Sulla base di tali premesse, quali
sarebbero, allora, secondo l’appello, le strategie da adottare per il
‘rilancio’ del progetto europeo?
Il documento è diviso in tre sezioni:
nella prima, “Unire persone e luoghi”, si promuove l’Apprendistato
Europeo per permettere ai giovani di formarsi in una sorta di ‘Erasmus
in azienda’ – un programma che ben rappresenta la concezione liberista
dell’istruzione come strumento di creazione di forza-lavoro alla completa mercé delle imprese e incarnazione di quell’ideale europeo di mobilità del lavoro che non nasconde altro che una guerra tra poveri su scala continentale.
C’è poi il “Piano straordinario per gli investimenti in infrastrutture
ed in reti”, che dovrebbe “promuovere un modello di crescita e di vita
socialmente e ambientalmente sostenibile, rispettoso dell’equilibrio
naturale ed energivoro”. Parole bellissime e condivisibili, che però
fanno venire in mente la strenua difesa della TAV ad
opera di sindacati confederali e Confindustria, un progetto che
contraddice completamente il concetto di “ambientalmente sostenibile” e
che di certo non sembra puntare ad “unire territori, città e paesi” in
quanto, tanto per fare un esempio, Torino e Lione sono già collegate dalla linea ad alta velocità TGV.
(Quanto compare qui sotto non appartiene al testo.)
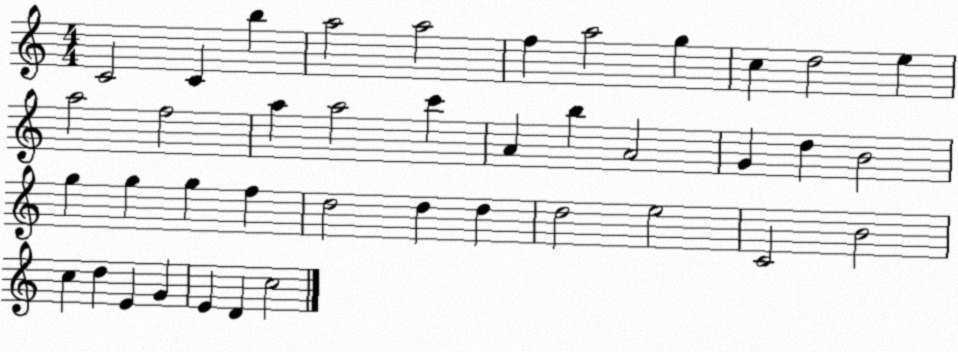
X:1
T:Untitled
M:4/4
L:1/4
K:C
C2 C b a2 a2 f a2 g c d2 e a2 f2 a a2 c' A b A2 G d B2 g g g f d2 d d d2 e2 C2 B2 c d E G E D c2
La seconda sezione, intitolata “Dotarsi
degli strumenti per competere nel nuovo contesto globale”, al primo
punto ripropone il mantra liberista del rafforzamento della libertà di
movimento dei capitali. Ci era sembrato che i capitali all’interno
dell’UE non avessero particolari problemi a spostarsi dove fa più loro comodo, alla ricerca del massimo profitto,
ma secondo Confindustria e i sindacati confederali si può fare di più e
meglio. L’appello, tuttavia, dimentica di dire cosa significhi,
concretamente, la libera circolazione dei capitali, cioè la possibilità
per le imprese di delocalizzare la produzione in quei Paesi o regioni
dove sono presenti salari da fame e dove la forza-lavoro ha un potere
contrattuale nullo. O, nel ‘migliore’ dei casi, la garanzia per il
padronato di una forza contrattuale tale da costringere i lavoratori,
sotto la minaccia della delocalizzazione, ad accettare livelli salariali
più bassi e condizioni lavorative peggiorate (si pensi ad esempio alla
FIAT). Sostenere una simile posizione dona una luce sinistra anche al
proposito di armonizzare, a livello europeo, i sistemi fiscali, i
trattamenti salariali, i sistemi di protezione del lavoro e i diritti
dei lavoratori, in quanto sorge spontaneo il dubbio che la finalità di
entrambe le proposte sia quella di condurre ad una revisione o
“armonizzazione” al ribasso dei livelli salariali, dei diritti e dei prelievi fiscali proprio per favorire gli afflussi di capitale.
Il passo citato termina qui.